撮影や打合せでなくとも、他県に赴く業務があったりする。
この日、宇都宮駅前での用事を済ませたのは、ちょうど空腹を覚える昼時であった。
念の為、宇都宮といえば餃子で名高い事を自分の中で確認して、
その結果、この日は宇都宮で餃子を食べない事にした。
なぜか餃子の事を考えた時に佐野ラーメンが無性に食べたくなってしまったからだ。
ひとまず車を走らせ、佐野藤岡インターから佐野市街にたどり着いた。
一旦、コンビニの駐車場に入り、どの店に行くかを決める事にし、
一度行った事のある老舗と、元気のありそうな人気店の2択まで絞り、自らを苦しめた。
10秒ほど悩んだ結果、後者に行く事にした。もちろん定休日か否かのチェックを済ませて。

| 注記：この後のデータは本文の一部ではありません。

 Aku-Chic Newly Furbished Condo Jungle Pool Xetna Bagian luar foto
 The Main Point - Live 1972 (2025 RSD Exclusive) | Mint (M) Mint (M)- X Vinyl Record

私が選んだのは、「らーめん大金」というGoogle評価がずば抜けて高い人気店だ。
そういう評価なんて気にしませんよ、自らの嗅覚で店は選びますよ。
というような食通像に程遠い点が、私に残された可愛げでもあるのだ。
食後に撮った写真なので待ち客は減っているが、私が到着した時は15人ほどが店外で待っていた。

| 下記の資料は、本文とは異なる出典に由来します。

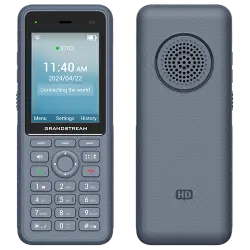 Grandstream WP836 simsiz IP-telefon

とはいえ回転が良いようで、20分ほどで無事入店できた。
店内は広く、活気と清潔感にまず驚かされる。
私は1人であったが、座敷席の4人用座卓に案内して頂いた。
斜め前の座卓では、親方の隣で正座でラーメンを召し上がるお兄さんが目に入り、
自発的なのか、そのような指導の元に正座をしているのか、とても気になる光景であった。

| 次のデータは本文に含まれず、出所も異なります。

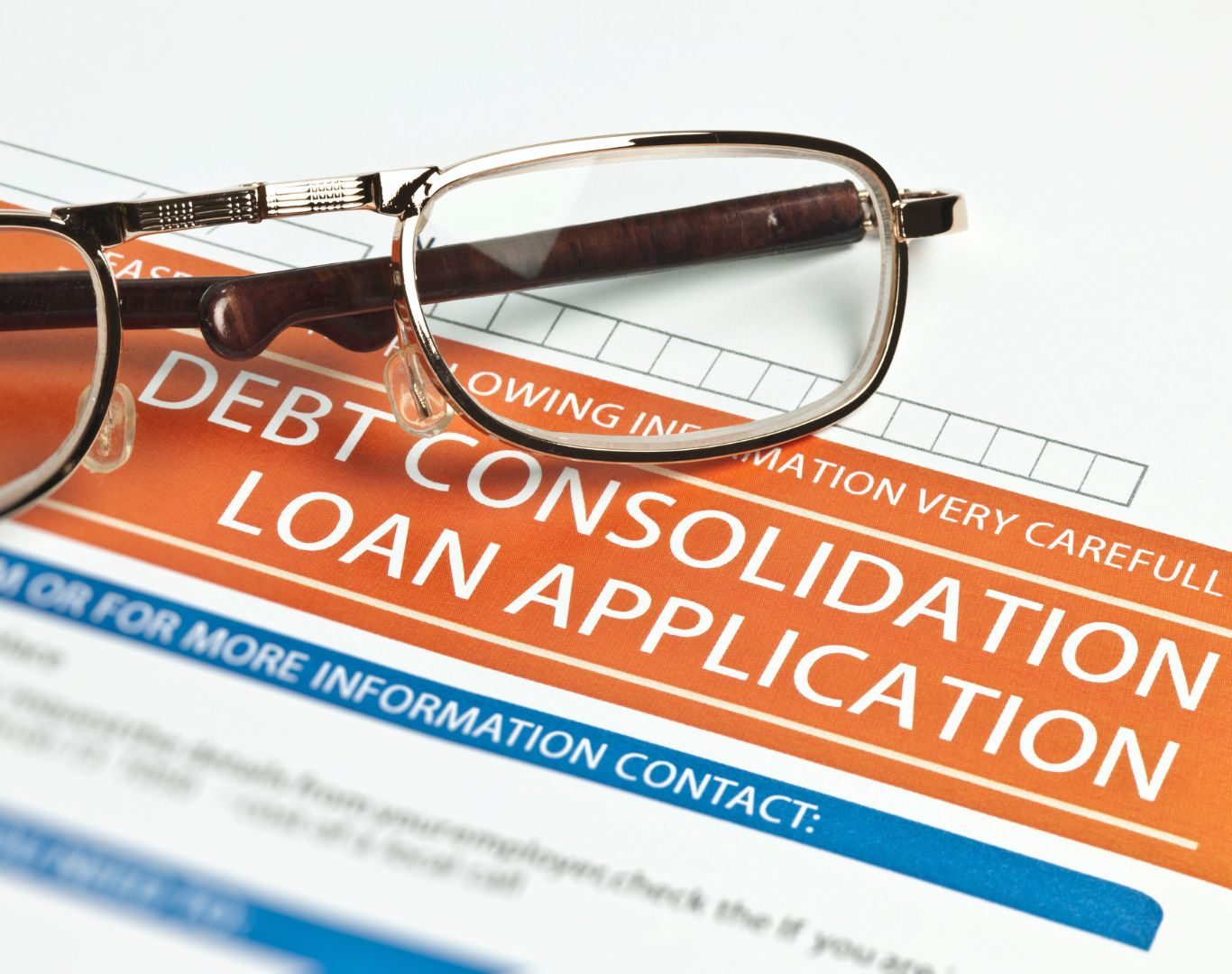 Resident reviewing options for debt consolidation in Coral Springs, FL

そんな事を考えている内に、チャーシューメンと餃子が目の前に来た。
見るからにさっぱりとしたスープで、実に好みのビジュアルである。
食欲を掻き立てるような良い香りに更に期待が高まる。
宇都宮で餃子を食べなかった余波は、佐野で発現することとなり、
入店待ち中に見たメニューの餃子の写真を見て、我慢ができなくなり注文してしまった。
早速、ラーメンのスープから頂いたが、コクのある鶏ガラといった感じで、
水筒に入れて持ち歩きたいと思わせる、上品かつ後を引くスープだった。
佐野ラーメンの特徴である青竹で打った縮れ麺は、スープに良く合い、
これはみんな並んで食べちゃいますよね、と納得の一杯だった。
餃子は3ヶで310円とリーズナブルながら、中の餡はぎっしりだけれども食感は軽いという、
高次元で矛盾した、ビールの欲しくなるタイプのものだった。
結果とても満足し、佐野に寄ったことが大正解と思えたある日のランチだった。